BEGIN

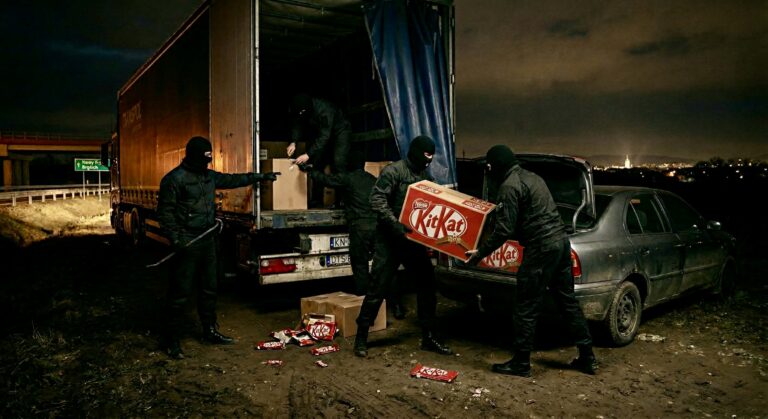 Dwanaście ton KitKata zniknęło w drodze do Polski. Sprawą zajmuje się Interpol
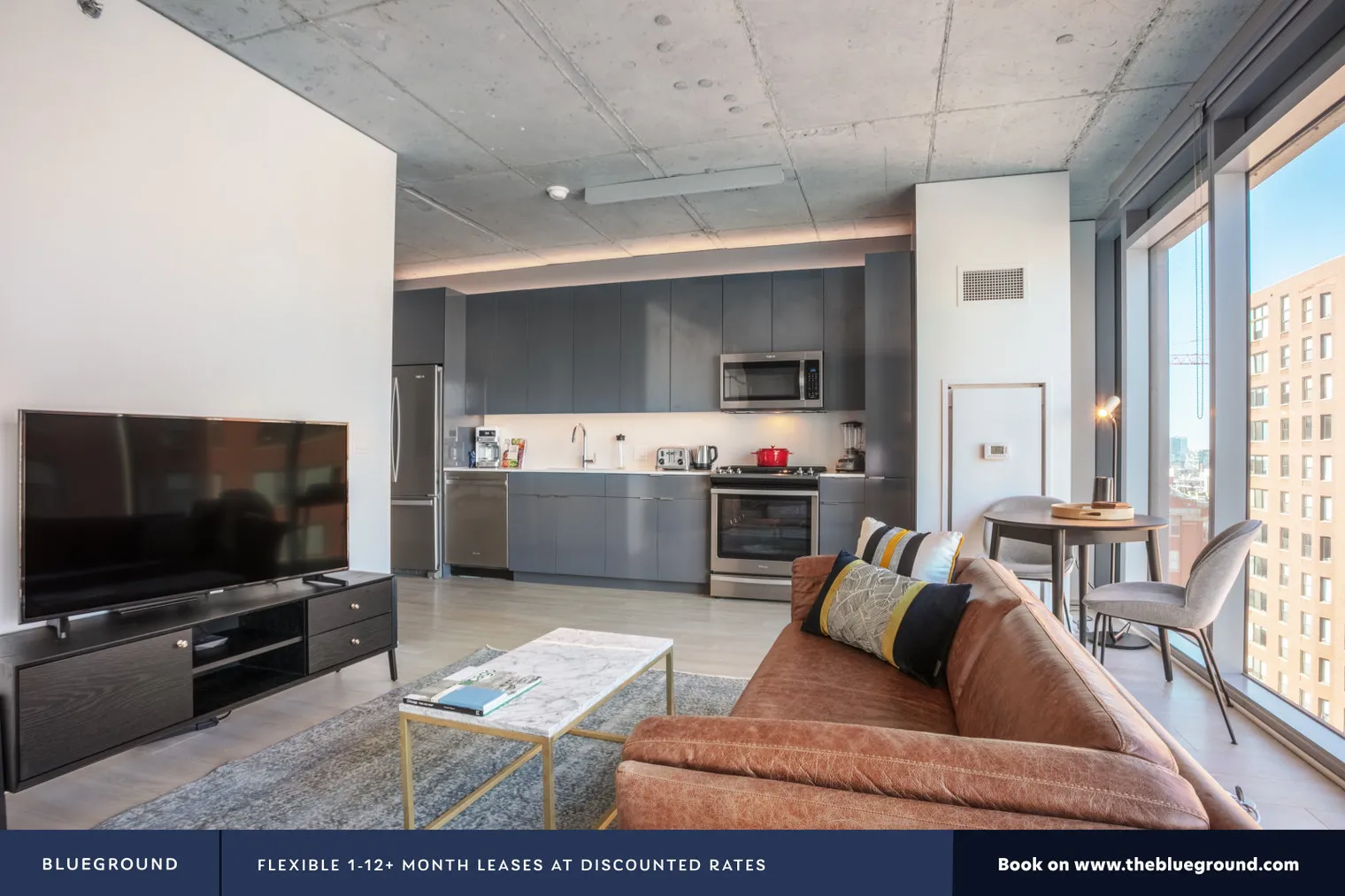 311 W LINOIS ST 60654-3Eleven-unit#ID153-Chicago-IL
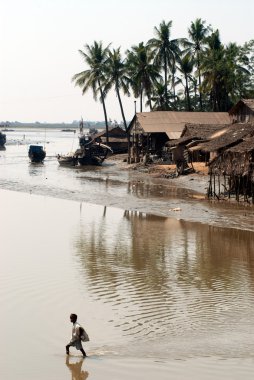 Kyaikto City, Myanmar Haliç üzerinde geleneksel Myanmar Köyü.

END

TASK BRIEF — The reply should repeat the listing above exactly and contain no pictures.

RESPONSE —
 Dwanaście ton KitKata zniknęło w drodze do Polski. Sprawą zajmuje się Interpol
 311 W LINOIS ST 60654-3Eleven-unit#ID153-Chicago-IL
 Kyaikto City, Myanmar Haliç üzerinde geleneksel Myanmar Köyü.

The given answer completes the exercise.